Jugendarbeit ist Beziehungsarbeit

Ganz aktuell ist der Stadtjugendring mit den Planungen für das „Umsonst & Draussen“-Festival beschäftigt, das bereits an diesem Donnerstag beginnt. Dort wird es darum gehen, die einzelnen Verbände vorzustellen und auf sie aufmerksam zu machen. Und genau das sei heutzutage besonders wichtig. „Es wird zunehmend schwieriger, sich als junger Mensch ehrenamtlich zu engagieren“, so der 38-Jährige. Die gestiegenen Ansprüche an die Produktivität eines Menschen sieht er als Grund dafür. „Meistens können sich Ehrenamtliche nur kurzfristig und punktuell engagieren, jedoch nicht auf längere Sicht“, fügt er weiter hinzu. Da Jugendarbeit aber eine Beziehungsarbeit sei, die die Begleitung der Jugendliche über mehrere Jahre erfordert, stelle das ein aktuelles Problem dar.

Für die Zukunft stehen keine neuen Projekte beim Stadtjugendring an, damit bereits laufende Projekte verlängert und weiter umgesetzt werden können. Voraussetzungen dafür sei die gute Zusammenarbeit mit der Stadt und der Verwaltung. „Auch wenn wir nicht immer einer Meinung sind, haben wir gemeinsam das Ziel, uns für Würzburg einzusetzen“, so Fischer. Und so setzen sich auch die Jugendlichen weiterhin in den Vereinen und Verbänden ein.

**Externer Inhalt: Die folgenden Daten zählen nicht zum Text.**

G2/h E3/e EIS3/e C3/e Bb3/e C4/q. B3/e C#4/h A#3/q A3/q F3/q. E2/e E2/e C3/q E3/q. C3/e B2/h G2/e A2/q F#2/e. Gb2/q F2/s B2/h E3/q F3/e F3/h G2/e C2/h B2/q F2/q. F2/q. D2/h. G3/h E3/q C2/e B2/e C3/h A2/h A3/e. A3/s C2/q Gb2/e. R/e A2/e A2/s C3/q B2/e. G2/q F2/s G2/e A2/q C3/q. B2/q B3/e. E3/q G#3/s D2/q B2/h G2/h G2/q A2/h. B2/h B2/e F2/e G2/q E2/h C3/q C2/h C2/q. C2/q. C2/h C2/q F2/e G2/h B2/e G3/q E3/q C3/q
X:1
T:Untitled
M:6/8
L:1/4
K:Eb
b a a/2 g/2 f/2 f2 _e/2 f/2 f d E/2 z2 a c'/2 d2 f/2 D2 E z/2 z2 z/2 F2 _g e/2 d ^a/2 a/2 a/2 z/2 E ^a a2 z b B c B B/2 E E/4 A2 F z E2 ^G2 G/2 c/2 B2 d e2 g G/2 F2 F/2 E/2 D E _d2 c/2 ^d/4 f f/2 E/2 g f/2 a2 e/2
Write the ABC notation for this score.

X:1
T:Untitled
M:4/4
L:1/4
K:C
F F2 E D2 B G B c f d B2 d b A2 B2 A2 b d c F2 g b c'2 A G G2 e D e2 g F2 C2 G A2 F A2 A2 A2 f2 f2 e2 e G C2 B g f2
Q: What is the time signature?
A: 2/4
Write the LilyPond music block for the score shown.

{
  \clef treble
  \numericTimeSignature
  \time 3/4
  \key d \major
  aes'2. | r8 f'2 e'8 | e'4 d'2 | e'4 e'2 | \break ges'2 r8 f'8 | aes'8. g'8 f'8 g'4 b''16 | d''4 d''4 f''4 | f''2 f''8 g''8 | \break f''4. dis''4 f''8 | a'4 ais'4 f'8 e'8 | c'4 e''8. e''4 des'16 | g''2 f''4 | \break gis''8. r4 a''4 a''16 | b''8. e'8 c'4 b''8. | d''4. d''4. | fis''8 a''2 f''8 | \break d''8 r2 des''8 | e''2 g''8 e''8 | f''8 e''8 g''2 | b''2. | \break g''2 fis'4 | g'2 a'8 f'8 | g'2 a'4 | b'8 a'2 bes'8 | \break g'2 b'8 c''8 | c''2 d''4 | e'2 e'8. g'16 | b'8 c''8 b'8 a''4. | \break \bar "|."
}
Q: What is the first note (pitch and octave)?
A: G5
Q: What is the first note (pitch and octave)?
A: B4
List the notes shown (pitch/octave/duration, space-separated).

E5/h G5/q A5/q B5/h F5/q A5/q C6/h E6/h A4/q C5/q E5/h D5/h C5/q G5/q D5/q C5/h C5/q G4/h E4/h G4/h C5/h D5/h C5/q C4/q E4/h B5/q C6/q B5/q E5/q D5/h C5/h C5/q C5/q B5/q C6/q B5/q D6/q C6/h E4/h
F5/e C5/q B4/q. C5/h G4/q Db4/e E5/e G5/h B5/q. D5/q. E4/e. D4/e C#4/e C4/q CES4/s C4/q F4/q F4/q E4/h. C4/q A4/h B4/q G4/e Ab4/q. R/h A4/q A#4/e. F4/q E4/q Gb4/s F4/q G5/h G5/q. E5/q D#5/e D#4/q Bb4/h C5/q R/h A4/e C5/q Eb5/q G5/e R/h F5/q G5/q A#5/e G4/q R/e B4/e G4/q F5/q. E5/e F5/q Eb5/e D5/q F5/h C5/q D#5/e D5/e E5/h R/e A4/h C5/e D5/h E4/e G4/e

Denn wie die Projekte des Jugendringes zeigen: Junge Leute wünschen sich die Erfahrung der politischen (Selbst-)Wirksamkeit. Sie wollen spüren, dass sie Dinge verändern können. In Würzburg jedenfalls können sie das. Da mögen Trump, Brexit oder der Faulhaber-Platz vielleicht nicht an erster Stelle stehen, doch wenn es beispielsweise um die Gestaltung des eigenen Stadtteils geht, dann sind die unterfränkischen Jugendlichen jedenfalls engagiert dabei.